When Satyam Ramalinga Raju found a compromising auditor in PWC, Jagati Publications Limited, the media house owned by Kadapa MP Y S Jagan Mohan Reddy, utilised Deloitte to overrate his company’s worth for better positioning on the stock market.
Deloitte manipulated the valuation of Jagati Publications up to Rs 3,500 crore instead of an actual valuation of Rs 2,500 crore and even predated the valuation to enable Jagan’s company sell equity stakes at high premiums of over Rs 350 per scrip. P N Sudarshan, senior director of Deloitte Touche Tohmatsu India Private Limited, on Wednesday made a startling confession to the Central Bureau of Investigation (CBI) that Jagan’s clout and political pressure drove the company to compromise on credibility and concede to their demands.

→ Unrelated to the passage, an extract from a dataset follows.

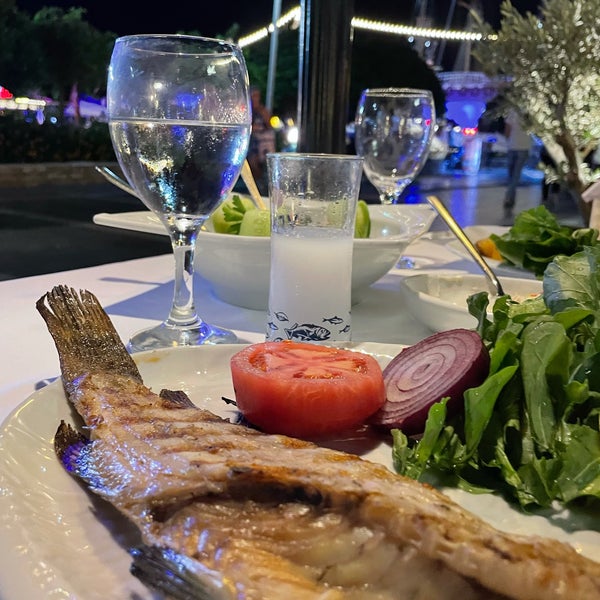 Foto diambil di Dede Restaurant oleh Sedat C. pada 10/9/2021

Sudarshan disclosed in a recorded statement under Section 164 of CrPC before a magistrate that Deloitte was pressured by Vijay Sai Reddy, the auditor of Jagati Publications Limited, to overvalue the firm.

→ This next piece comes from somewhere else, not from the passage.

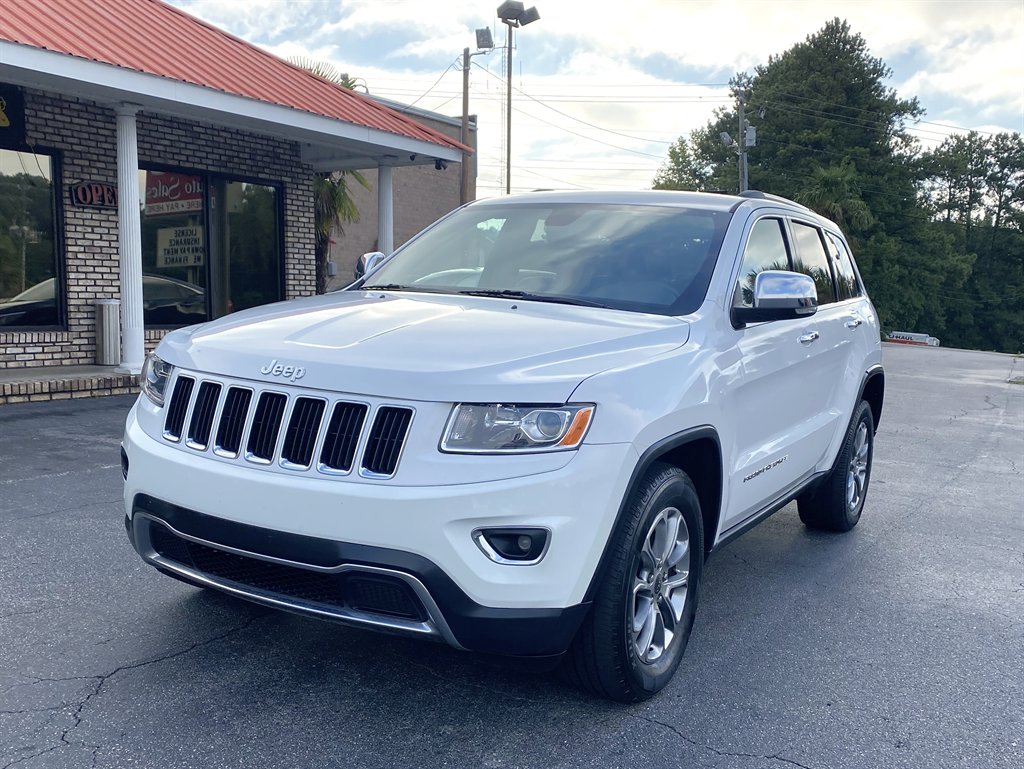 2015 Jeep Cherokee - $10,500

He claimed that on compulsion they gave the assessment with a predate of November 2007 as against the actual date of April, 2008.
According to him, Vijay Sai Reddy informed them that the report was for internal audit purposes only, but was later made public and shown to prospective Jagati investors who were made to buy the stakes at high premiums.

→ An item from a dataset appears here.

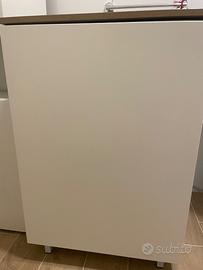 Mobile base per lavatrice/lavastoviglie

The CBI recorded Sudarshan’s statement as witness the same way it recorded the statement of Congress leader Varadarajulu Reddy’s son, Konda Reddy, in the Obulapuram Mining Corporation case.
The investigating agency has already named Vijay Sai Reddy, vice-chairman and former auditor of Jagati Publications, as an accused.
The investors, representatives from several corporates like Hetero Drugs who were summoned by the CBI, have informed agency sleuths that they had made the investments based on the audit report of Deloitte.
“We gave the valuation report in 2007 relying on the documents provided by auditor Vijay Sai Reddy and did not verify the details,” said Sudarshan. Deloitte spokesman Malika Kumar said that the company extended full cooperation and assistance for the investigation.
Another auditing firm, Jagadisan and Company of Chennai, valued the three firms at Rs 410 crore, including Jagati at Rs 196 crore, Indira TV at Rs 185 crore, and Janani Infra at Rs 29 crore even before the media house floated by Jagan had even opened up business.
Deloitte claims Jagan’s auditor Vijay Sai Reddy had violated the normal terms made with them not to use it for market purposes. It is a clear violation of customer-auditor confidentiality agreement.
But, Deloitte had not reported any such agreement to either the Sebi or other regulators when the Jagati Publications had used the document to induce investors.
When asked why the same ethical standards were not observed in respect of public interest, a Deloitte representative said they were promised by Jagati that they would not publicly quote it.
As a result many investors who were granted land under the special economic zone (SEZ) in the state were made to buy shares of a company with a market value of Rs 30 only at an exorbitant price of Rs 350 per scrip. Sai Reddy may be arrested soon.
The Enforcement Directorate (ED) on Thursday issued summons in connection with the money laundering case to Jagan. The ED has asked him to send an authorised person who will answer questions on his behalf at its New Delhi headquarters on or before November 28.